Statistical natural language processing (NLP) uses computer algorithms with machine learning and deep learning models to automatically extract, classify, and label parts of text and speech input, and then assign a statistical likelihood to each probable meaning. Deep learning models and learning approaches based on convolutional neural networks (CNNs) and recurrent neural networks (RNNs) now allow NLP systems to ‘learn’ as they go, extracting ever more accurate meaning from massive amounts of unstructured, unlabeled text and voice input.
NLP Use Cases
In many modern real-world applications, natural language processing is the driving force behind machine intelligence. Listed below are a few examples:
Although you would not think of spam detection as an NLP solution, the top spam detection solutions examine emails for language that commonly suggests spam or phishing. Overuse of financial words, typical bad grammar, threatening language, improper urgency, misspelled corporate names, and other signs can all be used as indicators. Although you may object that this does not match your email experience, spam detection is one of a handful of NLP problems that experts consider mostly solved.’
Google Translate is a good illustration of how NLP technology is useful in the workplace. More than just substituting words in one language with words in another is required for truly useful machine translation. The effective translation must precisely capture the meaning and tone of the input language and translate it to text in the output language with the same meaning and desired impact. In terms of accuracy, machine translation systems are making good progress. Translating text to one language and then back to the original is an excellent approach to test any machine translation algorithm. A well-known classic example: translating “The spirit is willing but the flesh is weak” from English to Russian and back resulted in “The vodka is wonderful but the meat is nasty” not long ago. Today, the outcome is “The spirit craves, but the flesh is weak,” which isn’t flawless but gives the English-to-Russian translation a lot more confidence.

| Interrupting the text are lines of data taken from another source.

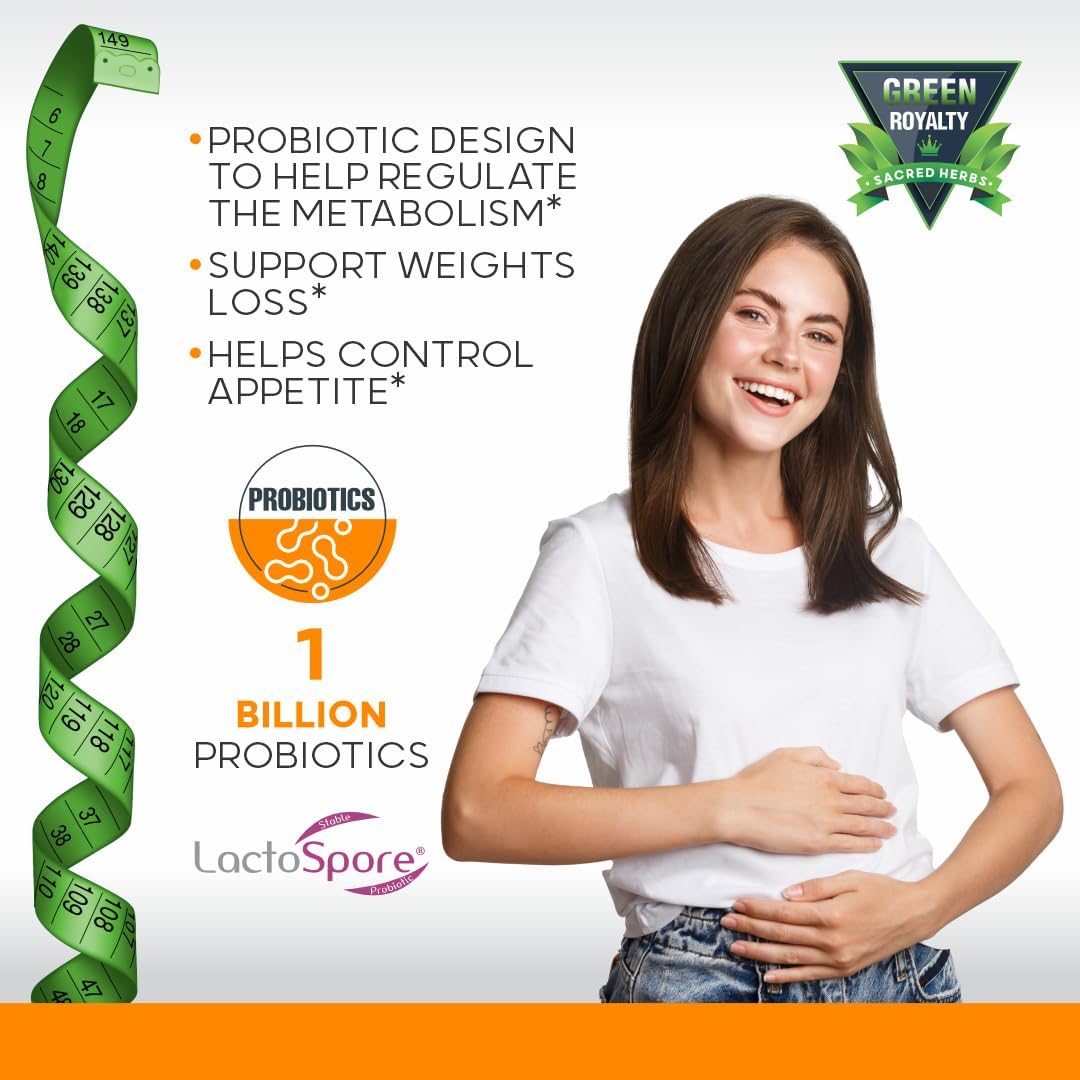 Tejocote Root Super Blend with Probiotics for Weight Loss Support - 60 Capsules - 2 Month Supply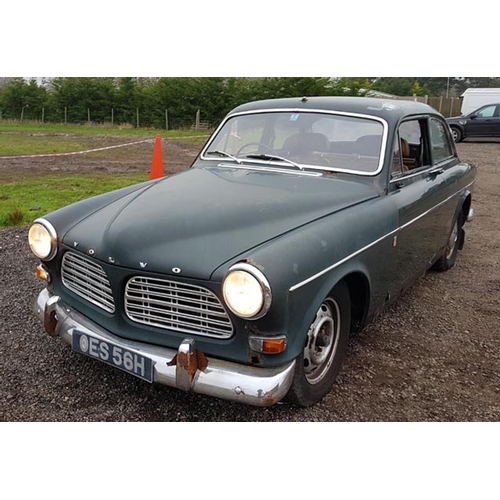 175 - 1970 Volvo 133 Amazon 2 Door Coupe 
Registration No: OES 56H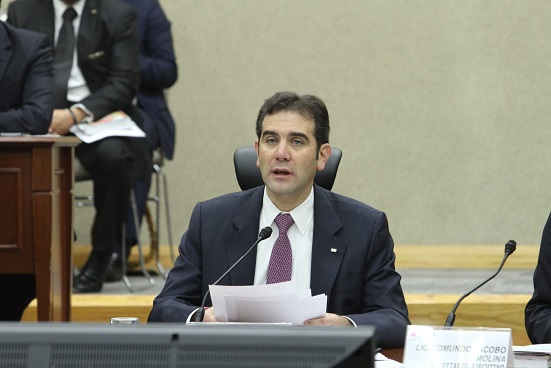 INE SE INSTALÓ EN SESIÓN PERMANENTE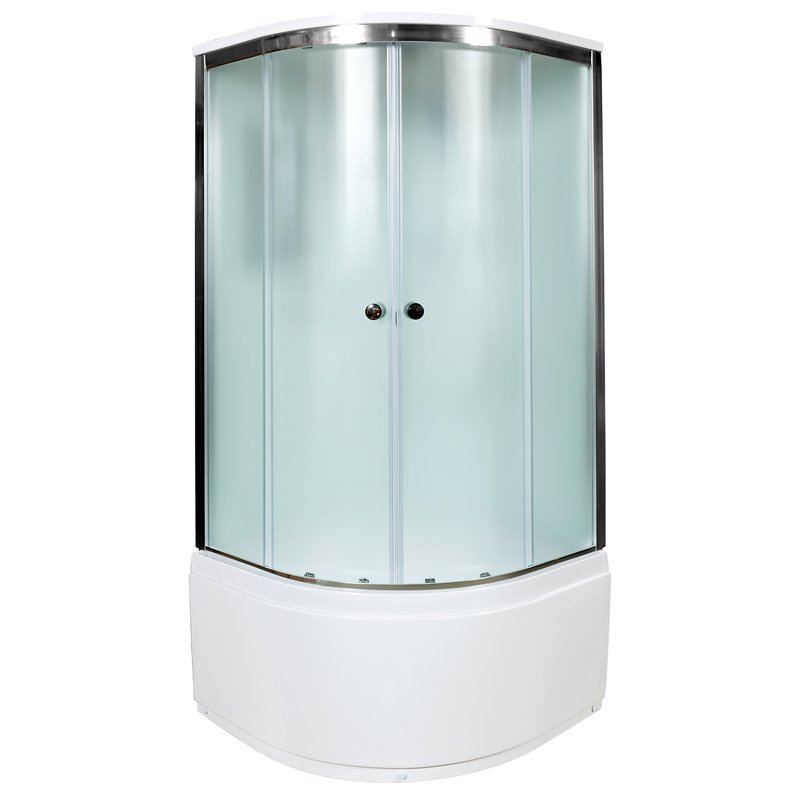 ЕМ4511 L N с гидромассажем (гм.) Душевая кабина DETO Серия EM D80S+ эл. - Вид №13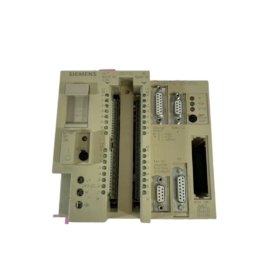 Buy the Siemens 6ES5095-8MB01 compact unit for SIMATIC S5. Features 10 inputs, 6 outputs, integrated power supply, and RS-232 port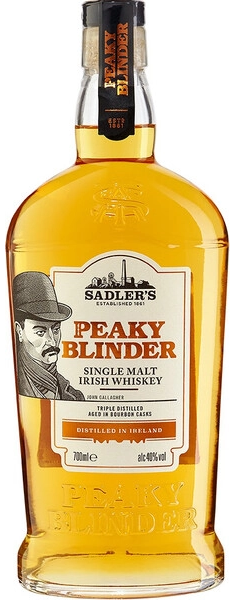Виски Sadler's, "Peaky Blinder" Single Malt Irish Whiskey, 0.7 л
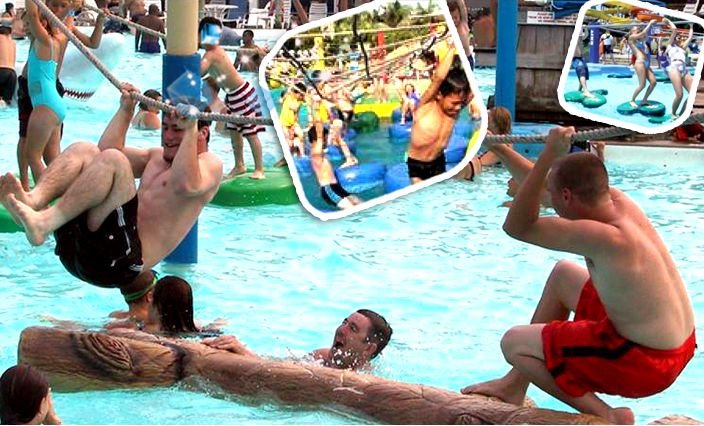 天津海魔方怎么样？水上有哪些娱乐项目？危险吗？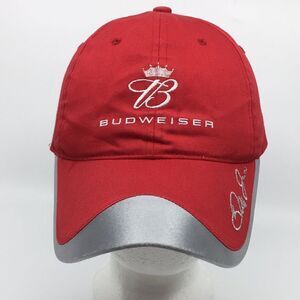 Budweiser NASCAR 8 hat baseball cap Dale Earnhardt Junior with adjustable strap
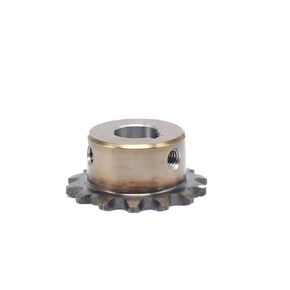 ترس ترس محرك فولاذي شديد التحمل قطعة واحدة 08B 14T عجلة ضرس صناعية دقيقة تتحمل سلسلة تروس فولاذية 12-28 مم (25 مم (مجرى المفتاح 8 مم)) in Kuwait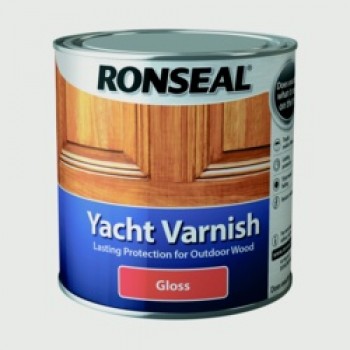 Yacht Varnish Gloss - 1L Yacht Varnish Gloss - 1L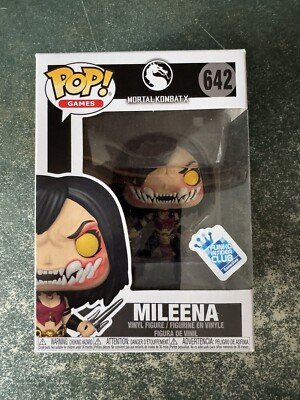 Funko Pop! Vinyl: Mortal Kombat - Mileena - GameStop (Exclusive) #642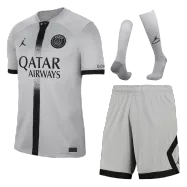 Kids PSG Away Soccer Jersey Whole Kit (Jersey+Shorts+Socks) 2022/23 Jordan - Pro Jersey Shop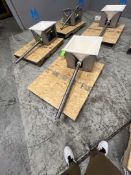 ACCU-RATE VOLUMETRIC FEEDER, S/N 42864-01C-612, 1/4 HP MOTOR, 1750 RPM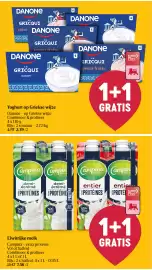 Delhaize folder week 39 Pagina 16: Yoghurt op Griekse wijze €2,39, Eiwitrijke melk €7,56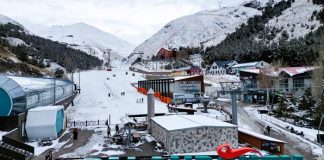 Palandöken Kayak Merkezi’nde Kayak Sezonu Başladı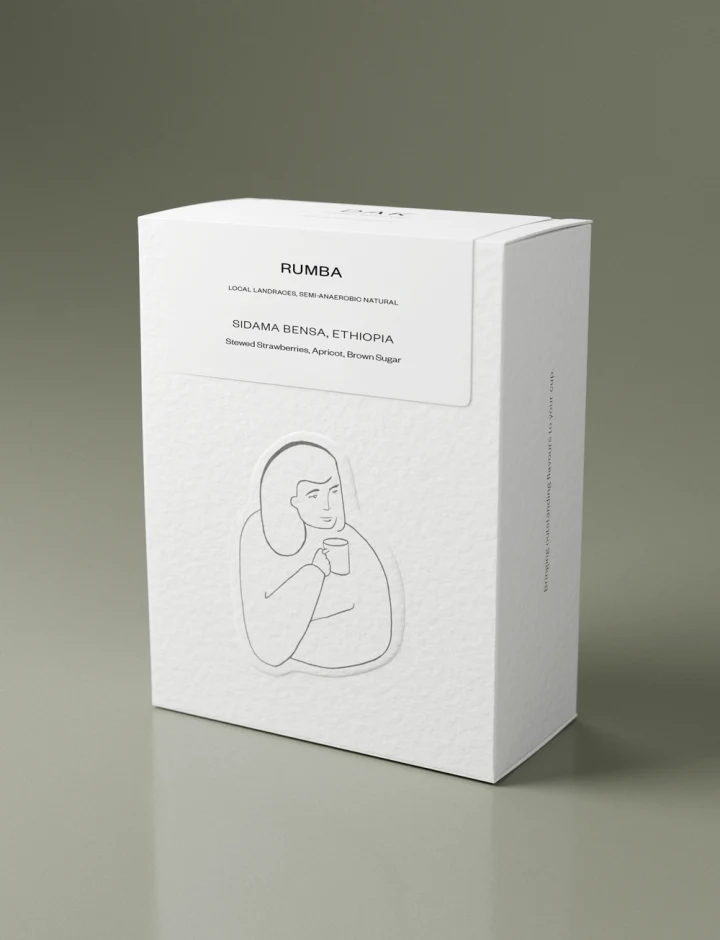 DAK Rumba - Ethiopia (Filter)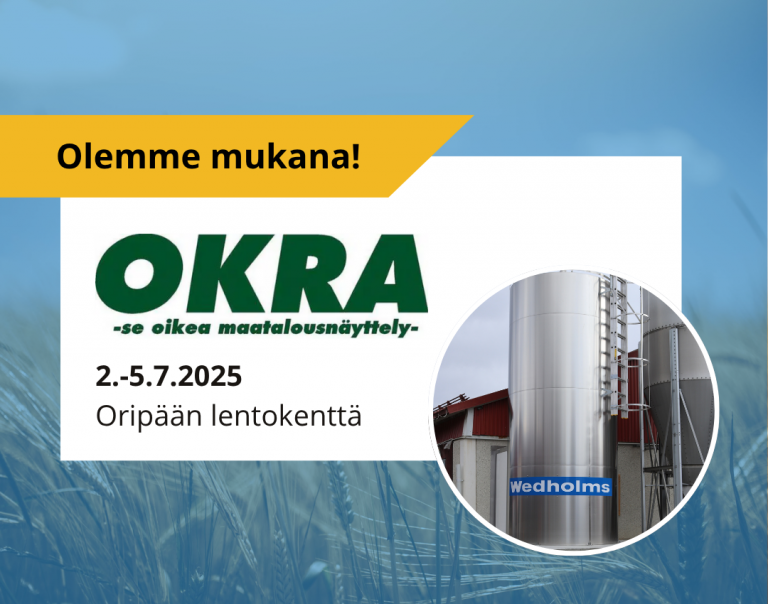 Kylmäkärki on mukana OKRA-messuilla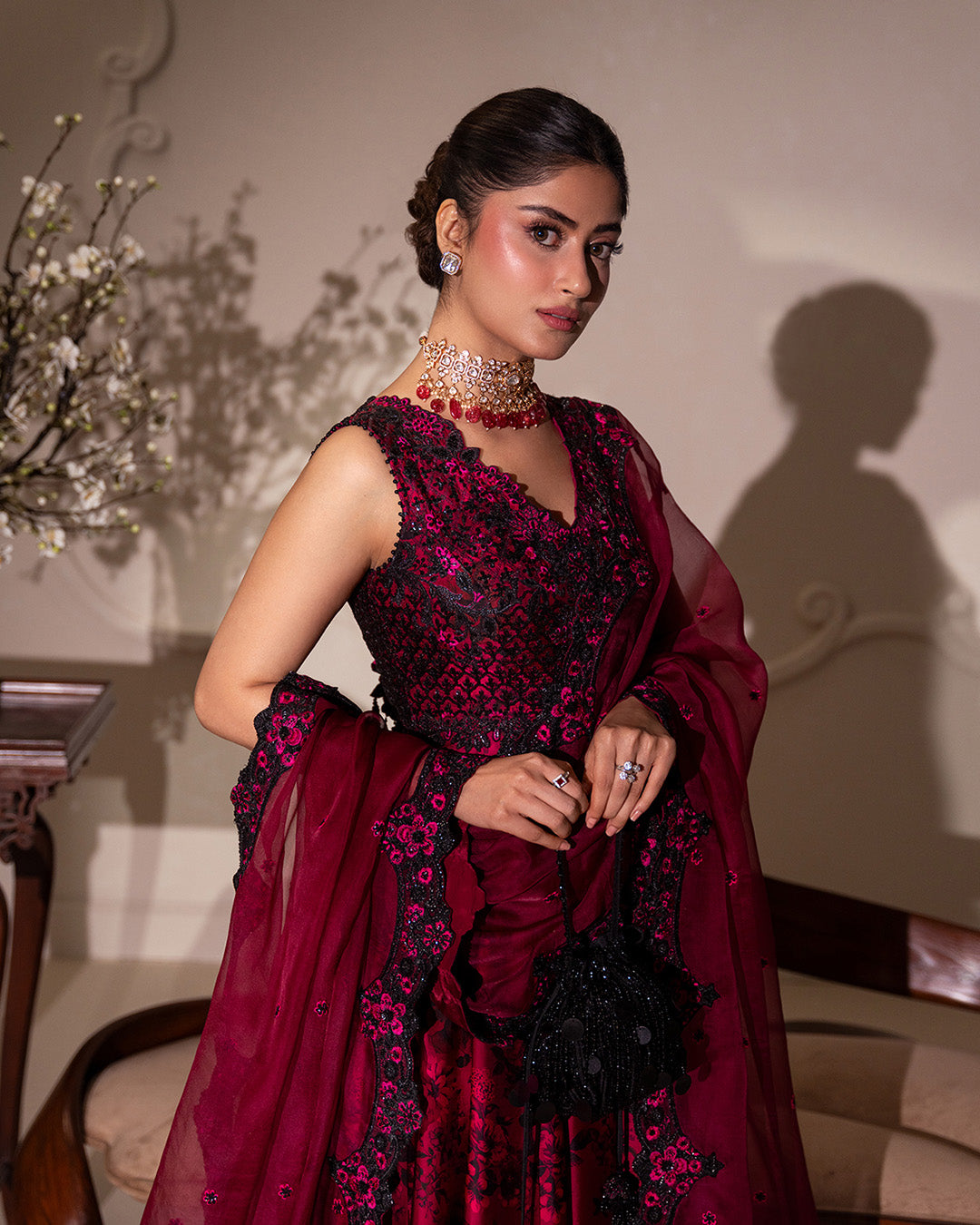 Faiza Saqlain | Rua Wedding Formals | Havin - Official Faiza Saqlain stockist in UK - Sakeena London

Virtual agents and chatbots
Virtual agents like Apple’s Siri and Amazon’s Alexa Speech uses ecognition and natural language generation byto recognize patterns in voice commands and respond with the appropriate action or helpful comments. In response to typed text entries, chatbots work the same magic. The best of them also learn to understand contextual hints in human requests. And utilize them to improve their responses or possibilities over time. The capacity to react to our questions—anticipated or not—with meaningful and helpful replies in their own words is the next development for these applications.
Social media sentiment analysis
For revealing hidden data insights from social media platforms, natural language processing (NLP) has become an indispensable commercial tool. Sentiment analysis may extract attitudes and emotions in response to products, promotions, and events by analyzing the language used in social media postings, answers, reviews, and more–information that organizations can utilize in product design, advertising campaigns, and more.
Text summarization makes use of natural language processing (NLP) techniques to digest large amounts of digital text. And provide summaries and synopses for indexes, research databases, and busy users who don’t have time to read the entire text. To provide valuable context and conclusions to summaries, the finest text summarising applications use semantic reasoning and natural language generation (NLG).